Brincadeiras à parte, Divergente possui seus méritos. E o maior deles é manter interessante e de forma bem explicada todos esses elementos citados nessa descrição, que soam muito mais complicados na minha sinopse do que no desenvolvimento do filme em si. Parte disso se deve ao diretor Neil Burger, cineasta especialista em esmiuçar tramas complexas, vide O Ilusionista (2006) e Sem Limites (2011). Os atores se saem bem e Shailene Woodley tem carisma suficiente para se tornar uma estrela. Seu par no filme, o misterioso Quatro (Theo James), apesar do visual de galã, desempenha bem sua faceta dura.

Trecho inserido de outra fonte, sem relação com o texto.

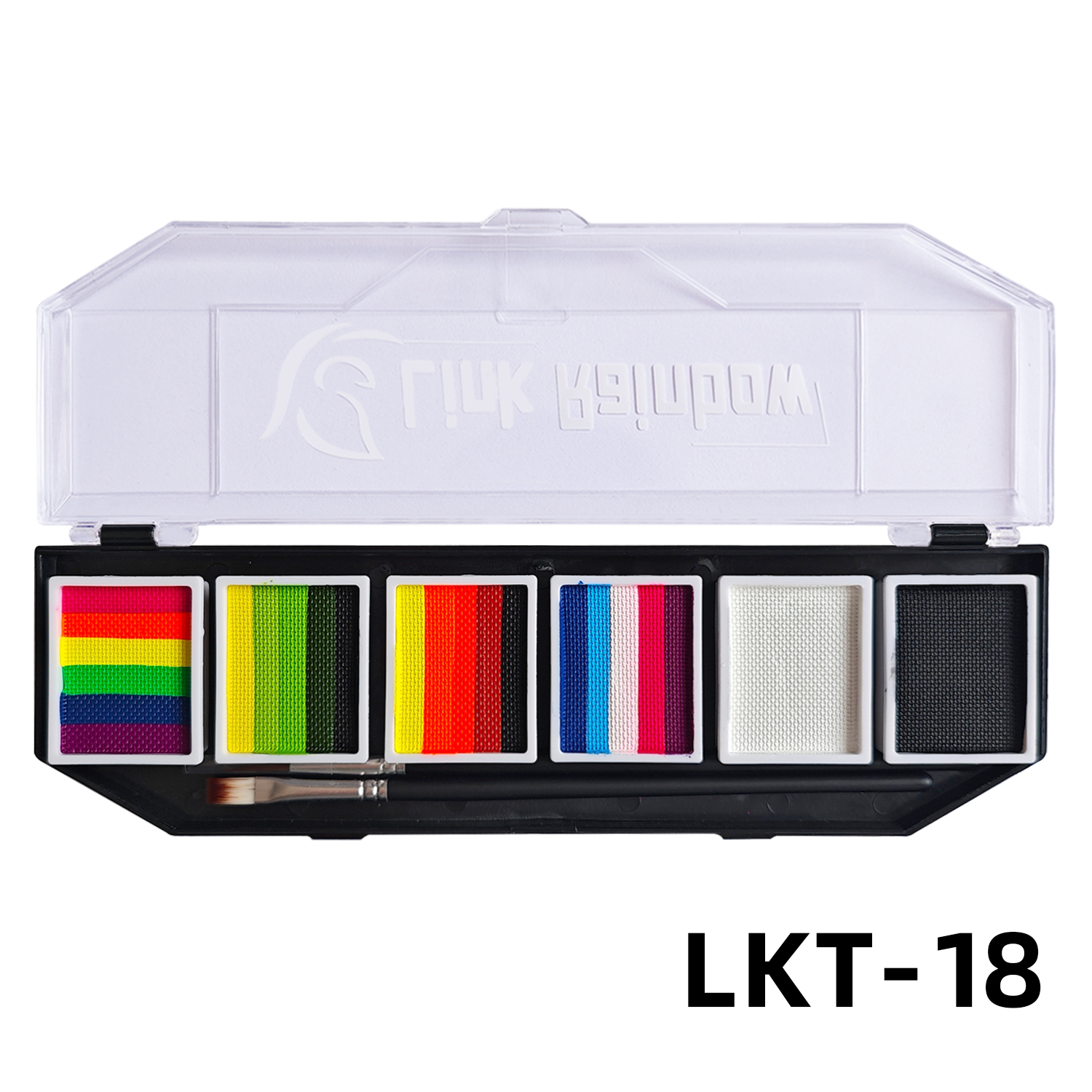 LKT-18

Uma curiosidade quanto ao elenco é que neste filme Woodley atua ao lado de dois pares românticos seus de outros projetos – e em personagens bem opostos. Do citado The Spectacular Now, Miles Teller vive Peter aqui, o antagonista e principal rival da menina. E Ansel Elgort, que aqui é Caleb – o irmão da protagonista, vive seu par amoroso no ainda inédito A Culpa é das Estrelas. Apesar de manter um bom ritmo até um pouco mais de sua metade, Divergente descarrila em seu terceiro ato totalmente. O filme causa um efeito totalmente contrário de seu “primo” Jogos Vorazes, no qual o desfecho do segundo episódio nos deixou aguando pelo próximo.

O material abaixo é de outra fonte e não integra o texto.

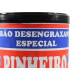 Desengraxante Pasta Pinheiro Pote 1Kg - Kit C/12 Pecas Desengraxante Pasta Pinheiro Pote 1Kg - Kit C/12 Pecas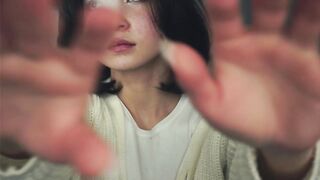 coventinaashfield Camgirl Porn Video [Chaturbate] - new, shy, young, 18, asian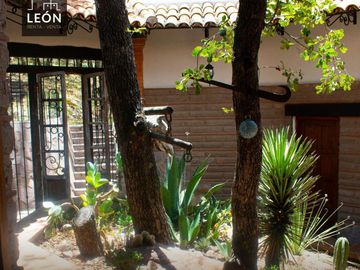 SE VENDE Casa en Vergel de la Sierra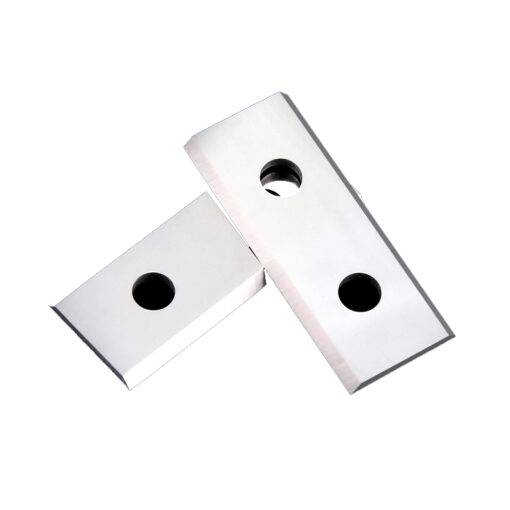 Indexable-Blade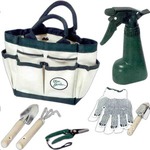 Canadian Lifestyle Items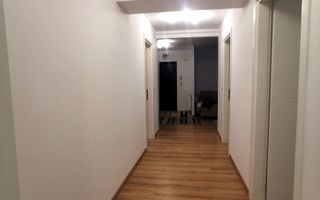 Theodor Pallady - Decomandat - Centrala Termica - AC - Parcare - Poză 10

O terceiro ato de Divergente é tão corrido, que sinceramente não nos importamos muito com o que virá a seguir. E aparentemente não parece bom. Isso vindo de um filme que teve 139 minutos para se desenvolver. Talvez a culpa seja mesmo da estrutura do texto original. Seja como for, é válido recomendar Divergente. O filme não é o desastre que aparentava, o que para muitos pode ser um alívio. Se para mais nada, é válido para ver a Oscarizada Kate Winslet (mesmo que numa ponta bem pequena) tentando esconder sua barriga de grávida com o figurino e em quase todas as cenas com uma pasta na frente do corpo.